Story Manager includes but is not limited to the following components
- Leaderboard generation
- Test report generation

Definitions of Objects¶

Quite a few terms exist in ianvs, which include the detailed modules and objects. To facilitate easier concept understanding, we show a hierarchical table of terms in the following figures, where the top item contains the items below it.

The concept definition of modules has been shown in the Architecture Section. In the following, we introduce the concepts of objects for easier understanding.

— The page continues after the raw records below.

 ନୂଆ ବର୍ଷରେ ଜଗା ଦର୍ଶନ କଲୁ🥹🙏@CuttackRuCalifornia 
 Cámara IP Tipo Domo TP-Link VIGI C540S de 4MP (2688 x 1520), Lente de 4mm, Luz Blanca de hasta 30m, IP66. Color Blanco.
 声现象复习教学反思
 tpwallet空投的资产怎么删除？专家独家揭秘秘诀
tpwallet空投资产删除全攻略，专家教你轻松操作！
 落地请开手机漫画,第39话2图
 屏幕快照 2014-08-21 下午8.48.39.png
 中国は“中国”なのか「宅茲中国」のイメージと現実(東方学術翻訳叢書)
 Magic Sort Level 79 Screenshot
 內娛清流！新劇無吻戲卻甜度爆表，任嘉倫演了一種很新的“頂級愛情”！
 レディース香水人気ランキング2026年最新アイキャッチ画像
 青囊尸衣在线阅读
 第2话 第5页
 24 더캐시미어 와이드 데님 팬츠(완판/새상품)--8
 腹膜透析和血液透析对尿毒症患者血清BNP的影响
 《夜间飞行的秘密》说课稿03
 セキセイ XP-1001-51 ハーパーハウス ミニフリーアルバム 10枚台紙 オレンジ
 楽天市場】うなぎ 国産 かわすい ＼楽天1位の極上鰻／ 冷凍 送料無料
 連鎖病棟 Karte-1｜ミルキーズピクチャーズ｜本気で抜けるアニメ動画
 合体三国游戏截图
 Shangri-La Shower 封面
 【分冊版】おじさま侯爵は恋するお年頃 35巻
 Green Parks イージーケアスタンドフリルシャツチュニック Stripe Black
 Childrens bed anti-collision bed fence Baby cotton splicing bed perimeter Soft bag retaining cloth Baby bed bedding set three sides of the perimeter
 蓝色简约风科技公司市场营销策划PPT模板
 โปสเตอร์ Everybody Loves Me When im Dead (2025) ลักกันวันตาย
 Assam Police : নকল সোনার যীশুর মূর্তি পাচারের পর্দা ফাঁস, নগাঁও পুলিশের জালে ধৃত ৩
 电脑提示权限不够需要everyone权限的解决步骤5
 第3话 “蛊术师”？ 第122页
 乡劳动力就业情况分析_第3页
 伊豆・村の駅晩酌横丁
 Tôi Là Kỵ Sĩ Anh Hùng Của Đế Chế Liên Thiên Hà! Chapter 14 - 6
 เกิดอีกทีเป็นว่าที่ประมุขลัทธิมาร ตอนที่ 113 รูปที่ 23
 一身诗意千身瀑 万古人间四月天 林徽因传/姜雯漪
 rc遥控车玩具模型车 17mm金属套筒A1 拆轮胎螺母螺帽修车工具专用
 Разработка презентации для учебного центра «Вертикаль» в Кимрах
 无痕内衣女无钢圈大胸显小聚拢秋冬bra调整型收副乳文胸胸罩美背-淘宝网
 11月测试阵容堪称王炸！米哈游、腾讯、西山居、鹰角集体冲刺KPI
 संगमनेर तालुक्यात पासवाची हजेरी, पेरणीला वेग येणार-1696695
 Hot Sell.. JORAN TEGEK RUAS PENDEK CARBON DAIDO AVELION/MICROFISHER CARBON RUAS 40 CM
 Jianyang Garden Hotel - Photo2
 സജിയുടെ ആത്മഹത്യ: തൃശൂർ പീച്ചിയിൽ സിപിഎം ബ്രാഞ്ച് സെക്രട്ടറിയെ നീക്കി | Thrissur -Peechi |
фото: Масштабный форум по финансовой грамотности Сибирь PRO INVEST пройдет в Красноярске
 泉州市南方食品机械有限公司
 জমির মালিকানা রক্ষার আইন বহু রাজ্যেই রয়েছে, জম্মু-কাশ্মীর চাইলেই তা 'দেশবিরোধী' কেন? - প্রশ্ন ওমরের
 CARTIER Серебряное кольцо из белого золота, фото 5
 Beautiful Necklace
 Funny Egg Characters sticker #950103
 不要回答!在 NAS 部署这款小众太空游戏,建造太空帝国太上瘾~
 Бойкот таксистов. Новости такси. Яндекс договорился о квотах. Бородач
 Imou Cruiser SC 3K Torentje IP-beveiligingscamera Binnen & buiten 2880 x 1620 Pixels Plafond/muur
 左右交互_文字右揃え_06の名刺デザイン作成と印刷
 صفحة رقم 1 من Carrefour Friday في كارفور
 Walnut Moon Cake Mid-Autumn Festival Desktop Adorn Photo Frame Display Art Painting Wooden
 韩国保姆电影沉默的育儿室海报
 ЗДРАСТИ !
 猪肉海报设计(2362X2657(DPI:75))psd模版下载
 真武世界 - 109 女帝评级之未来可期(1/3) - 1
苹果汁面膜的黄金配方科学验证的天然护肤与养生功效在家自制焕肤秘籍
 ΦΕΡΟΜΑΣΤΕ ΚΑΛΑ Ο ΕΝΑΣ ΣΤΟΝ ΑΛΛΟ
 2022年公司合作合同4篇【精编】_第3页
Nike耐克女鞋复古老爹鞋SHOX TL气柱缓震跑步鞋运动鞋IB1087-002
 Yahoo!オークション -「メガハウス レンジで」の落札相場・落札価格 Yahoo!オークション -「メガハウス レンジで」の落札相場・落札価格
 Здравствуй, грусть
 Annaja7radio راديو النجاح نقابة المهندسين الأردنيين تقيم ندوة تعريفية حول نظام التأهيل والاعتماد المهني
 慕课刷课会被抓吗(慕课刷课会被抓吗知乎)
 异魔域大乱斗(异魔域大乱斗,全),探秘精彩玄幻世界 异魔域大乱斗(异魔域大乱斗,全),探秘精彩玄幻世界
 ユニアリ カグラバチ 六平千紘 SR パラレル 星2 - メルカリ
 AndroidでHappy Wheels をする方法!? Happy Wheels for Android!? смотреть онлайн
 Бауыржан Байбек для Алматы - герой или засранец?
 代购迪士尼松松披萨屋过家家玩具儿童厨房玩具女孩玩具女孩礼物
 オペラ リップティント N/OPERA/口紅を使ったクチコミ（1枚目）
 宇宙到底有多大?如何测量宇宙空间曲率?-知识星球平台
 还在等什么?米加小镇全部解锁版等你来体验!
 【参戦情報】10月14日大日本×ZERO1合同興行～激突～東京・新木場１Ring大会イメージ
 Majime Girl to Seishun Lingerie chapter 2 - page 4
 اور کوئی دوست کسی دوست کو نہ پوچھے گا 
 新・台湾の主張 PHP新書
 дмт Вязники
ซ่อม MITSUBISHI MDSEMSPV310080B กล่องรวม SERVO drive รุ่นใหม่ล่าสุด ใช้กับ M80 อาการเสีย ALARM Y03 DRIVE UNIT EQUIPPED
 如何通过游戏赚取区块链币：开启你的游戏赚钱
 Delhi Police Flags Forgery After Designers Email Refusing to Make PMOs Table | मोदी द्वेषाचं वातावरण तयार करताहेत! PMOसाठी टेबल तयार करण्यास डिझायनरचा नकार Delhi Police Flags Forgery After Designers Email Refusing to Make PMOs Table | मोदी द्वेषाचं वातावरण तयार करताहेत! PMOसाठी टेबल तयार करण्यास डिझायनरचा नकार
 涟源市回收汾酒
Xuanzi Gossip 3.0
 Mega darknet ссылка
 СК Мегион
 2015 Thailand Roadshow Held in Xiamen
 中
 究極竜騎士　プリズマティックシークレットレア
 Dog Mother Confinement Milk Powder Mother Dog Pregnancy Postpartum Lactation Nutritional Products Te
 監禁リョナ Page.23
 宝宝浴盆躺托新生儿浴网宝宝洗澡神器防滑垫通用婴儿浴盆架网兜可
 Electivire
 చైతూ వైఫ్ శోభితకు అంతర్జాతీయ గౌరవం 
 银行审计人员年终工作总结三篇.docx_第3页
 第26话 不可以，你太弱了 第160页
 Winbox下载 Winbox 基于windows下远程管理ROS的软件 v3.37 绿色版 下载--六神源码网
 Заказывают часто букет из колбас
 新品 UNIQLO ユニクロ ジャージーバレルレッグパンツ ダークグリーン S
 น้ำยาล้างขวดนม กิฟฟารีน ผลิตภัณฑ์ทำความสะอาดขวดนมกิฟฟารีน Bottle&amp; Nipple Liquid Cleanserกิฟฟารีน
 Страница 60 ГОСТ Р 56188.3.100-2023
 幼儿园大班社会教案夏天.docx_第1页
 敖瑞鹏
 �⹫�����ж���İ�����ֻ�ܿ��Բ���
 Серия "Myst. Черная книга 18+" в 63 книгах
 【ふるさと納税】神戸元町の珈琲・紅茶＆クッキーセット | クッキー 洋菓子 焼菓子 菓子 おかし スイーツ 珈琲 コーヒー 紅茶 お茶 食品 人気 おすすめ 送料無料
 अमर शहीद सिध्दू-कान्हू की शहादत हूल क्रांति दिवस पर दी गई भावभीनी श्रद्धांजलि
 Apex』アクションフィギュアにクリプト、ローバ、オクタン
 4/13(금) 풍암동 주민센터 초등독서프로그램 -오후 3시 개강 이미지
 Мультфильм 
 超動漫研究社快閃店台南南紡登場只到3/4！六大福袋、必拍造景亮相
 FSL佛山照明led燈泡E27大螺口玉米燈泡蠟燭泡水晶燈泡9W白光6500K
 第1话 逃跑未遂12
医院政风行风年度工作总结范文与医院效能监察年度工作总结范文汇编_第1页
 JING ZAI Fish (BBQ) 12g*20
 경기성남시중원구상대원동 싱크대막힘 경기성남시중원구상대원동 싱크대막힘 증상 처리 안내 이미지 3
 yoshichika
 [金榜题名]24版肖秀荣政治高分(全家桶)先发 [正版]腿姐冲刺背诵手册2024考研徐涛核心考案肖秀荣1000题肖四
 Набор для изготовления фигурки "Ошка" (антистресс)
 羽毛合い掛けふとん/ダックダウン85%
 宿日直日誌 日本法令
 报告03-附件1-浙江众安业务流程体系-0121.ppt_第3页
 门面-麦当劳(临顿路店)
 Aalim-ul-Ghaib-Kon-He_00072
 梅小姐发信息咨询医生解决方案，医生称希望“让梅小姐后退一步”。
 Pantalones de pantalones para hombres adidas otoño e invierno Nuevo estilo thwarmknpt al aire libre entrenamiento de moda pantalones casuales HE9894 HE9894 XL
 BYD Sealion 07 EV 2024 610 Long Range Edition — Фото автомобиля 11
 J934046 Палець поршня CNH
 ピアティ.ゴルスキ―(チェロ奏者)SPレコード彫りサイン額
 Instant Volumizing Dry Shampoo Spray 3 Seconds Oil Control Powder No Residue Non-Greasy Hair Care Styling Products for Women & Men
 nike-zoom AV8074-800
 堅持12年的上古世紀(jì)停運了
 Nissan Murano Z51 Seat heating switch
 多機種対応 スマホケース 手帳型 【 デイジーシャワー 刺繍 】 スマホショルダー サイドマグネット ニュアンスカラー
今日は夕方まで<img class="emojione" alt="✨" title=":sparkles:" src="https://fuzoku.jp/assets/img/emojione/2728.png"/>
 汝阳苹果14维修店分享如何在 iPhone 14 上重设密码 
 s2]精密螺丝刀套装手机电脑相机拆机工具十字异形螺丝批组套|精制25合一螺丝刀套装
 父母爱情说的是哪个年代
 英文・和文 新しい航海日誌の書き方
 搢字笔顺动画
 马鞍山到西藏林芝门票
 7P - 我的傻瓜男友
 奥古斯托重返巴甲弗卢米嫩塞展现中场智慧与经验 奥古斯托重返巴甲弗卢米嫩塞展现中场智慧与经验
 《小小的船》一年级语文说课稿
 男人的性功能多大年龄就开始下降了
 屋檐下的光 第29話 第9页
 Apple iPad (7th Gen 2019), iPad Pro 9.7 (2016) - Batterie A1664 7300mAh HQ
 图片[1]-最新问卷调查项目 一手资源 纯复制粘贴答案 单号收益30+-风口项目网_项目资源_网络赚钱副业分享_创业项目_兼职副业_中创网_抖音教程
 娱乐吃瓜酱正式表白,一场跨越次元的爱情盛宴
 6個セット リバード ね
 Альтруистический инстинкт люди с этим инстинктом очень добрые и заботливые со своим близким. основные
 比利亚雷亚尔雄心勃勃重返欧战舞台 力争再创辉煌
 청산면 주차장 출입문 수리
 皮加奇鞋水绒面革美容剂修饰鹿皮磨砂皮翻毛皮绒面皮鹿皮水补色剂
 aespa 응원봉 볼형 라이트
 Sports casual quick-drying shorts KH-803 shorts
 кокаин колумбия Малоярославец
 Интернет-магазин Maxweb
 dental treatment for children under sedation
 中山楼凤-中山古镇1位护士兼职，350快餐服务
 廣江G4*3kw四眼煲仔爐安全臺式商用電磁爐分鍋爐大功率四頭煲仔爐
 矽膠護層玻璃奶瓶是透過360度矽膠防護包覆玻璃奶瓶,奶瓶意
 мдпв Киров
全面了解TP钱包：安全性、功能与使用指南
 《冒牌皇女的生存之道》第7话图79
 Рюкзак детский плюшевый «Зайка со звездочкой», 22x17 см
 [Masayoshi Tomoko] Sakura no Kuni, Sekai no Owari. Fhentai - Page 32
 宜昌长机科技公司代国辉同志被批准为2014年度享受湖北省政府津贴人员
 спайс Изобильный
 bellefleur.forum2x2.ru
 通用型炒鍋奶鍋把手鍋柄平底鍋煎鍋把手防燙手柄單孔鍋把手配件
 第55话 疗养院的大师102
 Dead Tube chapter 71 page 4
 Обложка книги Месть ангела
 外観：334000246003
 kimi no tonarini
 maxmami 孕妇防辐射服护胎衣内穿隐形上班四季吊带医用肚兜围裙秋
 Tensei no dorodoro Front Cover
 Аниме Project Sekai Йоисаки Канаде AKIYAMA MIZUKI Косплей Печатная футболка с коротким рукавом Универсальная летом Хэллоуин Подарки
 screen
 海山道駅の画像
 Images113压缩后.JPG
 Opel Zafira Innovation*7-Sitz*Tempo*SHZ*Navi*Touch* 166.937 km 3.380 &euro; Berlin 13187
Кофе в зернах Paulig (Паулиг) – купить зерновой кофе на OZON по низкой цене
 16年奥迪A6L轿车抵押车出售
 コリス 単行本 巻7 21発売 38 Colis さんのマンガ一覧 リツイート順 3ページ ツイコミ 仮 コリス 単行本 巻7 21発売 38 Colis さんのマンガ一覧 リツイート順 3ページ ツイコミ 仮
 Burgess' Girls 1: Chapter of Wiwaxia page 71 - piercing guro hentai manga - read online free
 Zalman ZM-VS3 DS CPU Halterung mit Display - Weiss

Benchmark: standardized evaluation process recognized by the academic or industry.
Benchmarking Job: the serving instance for an individual benchmarking with ianvs, which takes charge of the lifetime management of all possible ianvs components.
- Besides components, a benchmarking job includes instances of a test environment, one or more test cases, a leaderboard, or a test report.
- Different test environments lead to different benchmarking jobs and leaderboards. A benchmarking job can include multiple test cases
Test Object: the targeted instance under benchmark testing. A typical example would be a particular algorithm or system.
Test Environment: setups or configurations for benchmarking, typically excluding the test object.
- It can include algorithm-wise and system-wise configurations.
- It serves as the unique descriptor of a benchmarking job. Different test environments thus lead to different benchmarking jobs.
Test Case: the executable instance to evaluate the performance of the test object under a particular test environment. Thus, the test case is usually generated with a particular test environment and outputs testing results if executed.
- It is the atomic unit of a benchmark. That is, a benchmarking job can include quite a few test cases.
Attribute (Attr.) of Test Case: Attributes or descriptors of a test case, e.g., id, name, and time stamp.
Algorithm Paradigm: acknowledged AI process which usually includes quite a few modules that can be implemented with replaceable algorithms, e.g., federated learning which includes modules of local train and global aggregation.
Algorithm Module: the component of the algorithm paradigm, e.g., the global aggregation module of the federated learning paradigm.
Leaderboard: the ranking of the test object under a specific test environment.
- The local node holds the local leaderboard for private usage.
- The global leaderboard is shared (e.g., via GitHub) by the acknowledged organization.
Test Report: the manuscript recording how the testing is conducted.